第161話

クロードは連日授業が終わるとエリーゼと女子生徒達に頼まれ体の作り方から勉強と魔法を教えていた。


本日は体力作りの日ということで演習場を皆で走り込んでいた。


体を動かすのが苦手と言っていた子も回数をこなすことに改善されて最低限の体力を身に着けていた。


「まだいけそうですね。もう1周追加で走りましょう」


「クロード君の鬼。悪魔」


体力作りで大切なのはギリギリを見極めて追い込むこと。


文句を言えるうちは大丈夫な証拠である。


「ほらほら。ペースが落ちていますよ」


エリーゼはお姫様であるのに積極的に体を追い込んで頑張っている。




限界まで皆を追い込んだクロードは休憩を指示して水分を配っていた。


そこに上級生達がやってくる。


「頑張っている新入生がいるって聞いたけどクロード達だったのね」


「アイリス姉様」


「皆へばってるじゃない。ちょっと追い込みすぎじゃないかしら」


「ギリギリまで追い込まないと訓練の意味がないじゃないですか」


「せっかく手伝おうと思ってきたのにこの様子ではな」


「一人だけ元気な子がいるけどこの子ってアイリスさんの弟さんなのね」


「自慢の弟よ」


「何もせずに帰るのはちょっとな。いっちょもんでやるか」


「あー・・・。うん。頑張ってね」


「よし。俺と模擬戦だ」


姉様と一緒にやってきた上級生の男子生徒相手に模擬戦をすることになった。


お互いに訓練用の剣を構えて相対する。


「先は譲ってやるから打ち込んで来い」


お言葉に甘えて踏み込んで上段から斬りつける。


「正直な攻撃だな。
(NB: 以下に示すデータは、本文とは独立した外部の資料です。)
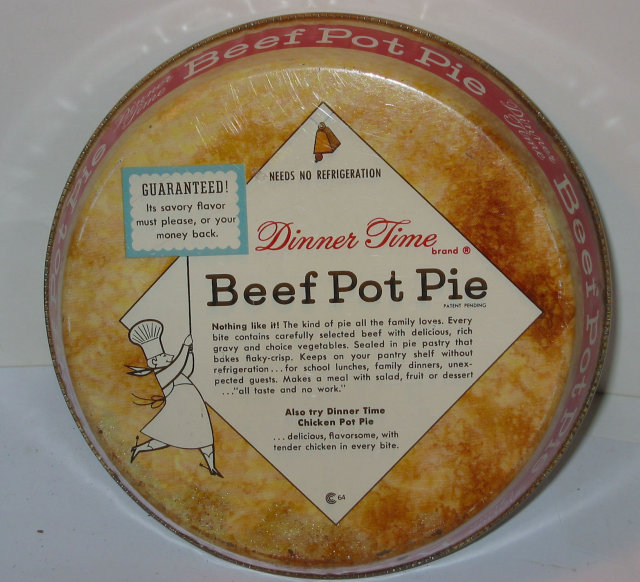 Beef Pot Pie Dinner Tin 1950s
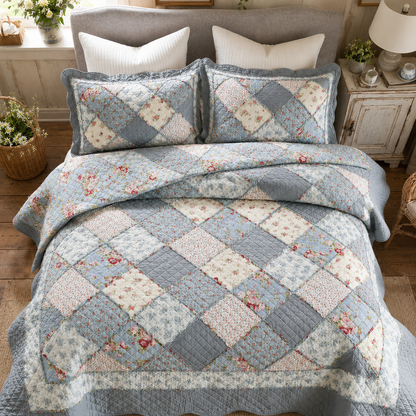 Farm Style Patchwork Cotton Handmade Quilt Set EM14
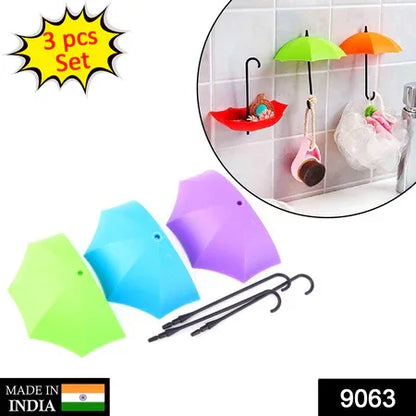 9063 Multipurpose Umbrella Key Hat Holder Wall Hanging Hook Multicolor - Zidbik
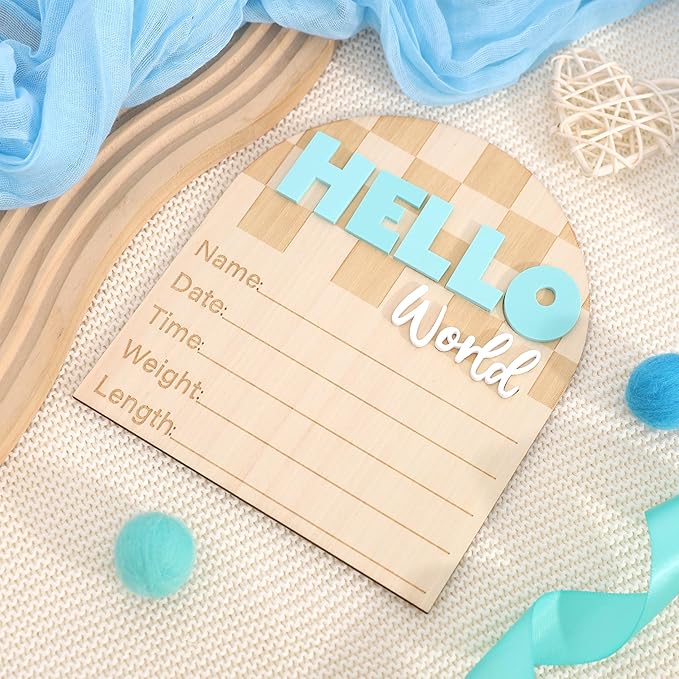 Racing Hello World Bulletin Board - Little Racer Birth Information Record,Fast Race Car Checkered Wooden Board, Newborn Milestone Announcement Sign,Hospital Nursery Racing Card Photo Props.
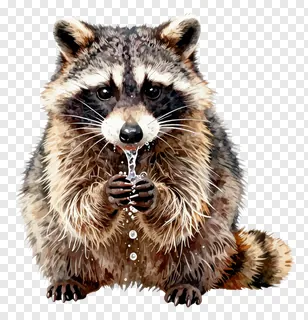 A raccoon drinking water while holding its paw.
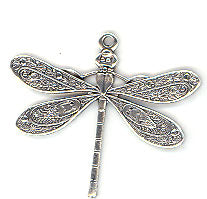 Antique Silver Small Dragonfly with loop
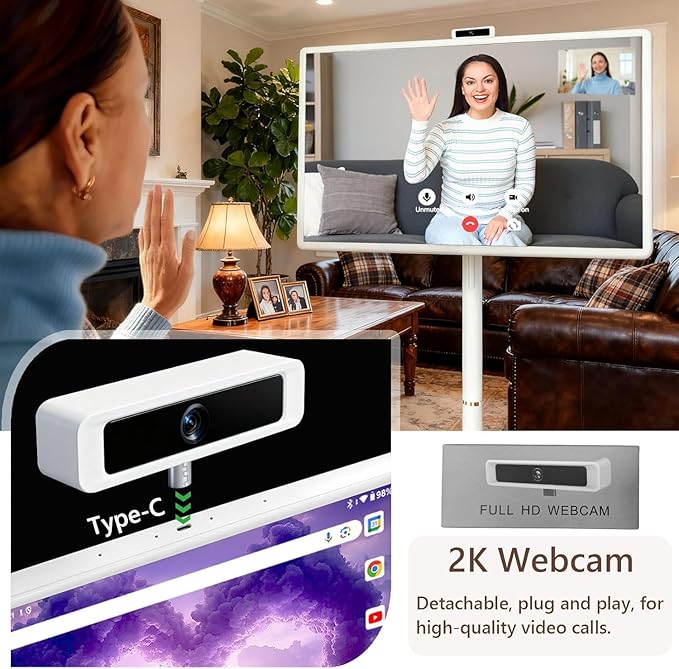 32-Inch Portable Smart TV on Wheels – 1080P Touchscreen Display, Android 15, 8GB RAM + 128GB Storage, Built-in Webcam and Speakers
まだまだ駆け引きは苦手か」


男子生徒は受けたがあまりの威力に後退する。


「おいおい。なんて威力だ」


男子生徒は勢いをつけて突きを放ってくるがそれを最小限の動きで回避する。


「クロード。手を抜いちゃダメよ」


熱戦を繰り広げているように見せかけようとしたけどアイリス姉様に看破されてしまう。


仕方がないので男子生徒が耐えられるよう威力を抑えて連撃を体に叩き込む。


「ちょ・・・。待って・・・」


男子生徒の待っての言葉で攻撃をやめて静止する。


「いや。まいった。これでも剣には自信があったのに先生達より強いんじゃないか」


「クロードは5歳の時点でゴブリンロードを単独で討伐した腕前だもの」


「俺じゃ相手にならないって知っててやらせたのかよ」


「貴方の高い鼻っ柱もこれで折れたでしょ」


「先生達ともまともに打ち合えるようになっていい気になってたのは事実だがこれはあんまりだ」


「先輩。傷を治しますね。ヒール」


「おう。ありがとうな」


男子生徒はこの仕打ちに文句を言うことなくアイリス姉様達と一緒に去っていった。